#### Assigned task:
When you reach the line containing "Tallinn, Estonia - December" in the entries below, start writing out each line exactly, and stop after the line containing "Puede incluir: Un".

#### Extracted records:
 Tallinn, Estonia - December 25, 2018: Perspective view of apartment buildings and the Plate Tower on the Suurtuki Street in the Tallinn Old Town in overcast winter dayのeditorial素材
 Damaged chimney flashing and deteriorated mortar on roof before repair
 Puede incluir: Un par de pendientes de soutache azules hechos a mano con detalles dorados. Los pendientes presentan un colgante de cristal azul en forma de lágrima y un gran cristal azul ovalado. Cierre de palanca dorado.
...
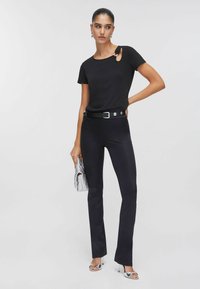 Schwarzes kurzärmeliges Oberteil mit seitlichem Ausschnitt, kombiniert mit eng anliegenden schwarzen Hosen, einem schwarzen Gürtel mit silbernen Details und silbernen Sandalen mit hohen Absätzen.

#### Written reply:
 Tallinn, Estonia - December 25, 2018: Perspective view of apartment buildings and the Plate Tower on the Suurtuki Street in the Tallinn Old Town in overcast winter dayのeditorial素材
 Damaged chimney flashing and deteriorated mortar on roof before repair
 Puede incluir: Un par de pendientes de soutache azules hechos a mano con detalles dorados. Los pendientes presentan un colgante de cristal azul en forma de lágrima y un gran cristal azul ovalado. Cierre de palanca dorado.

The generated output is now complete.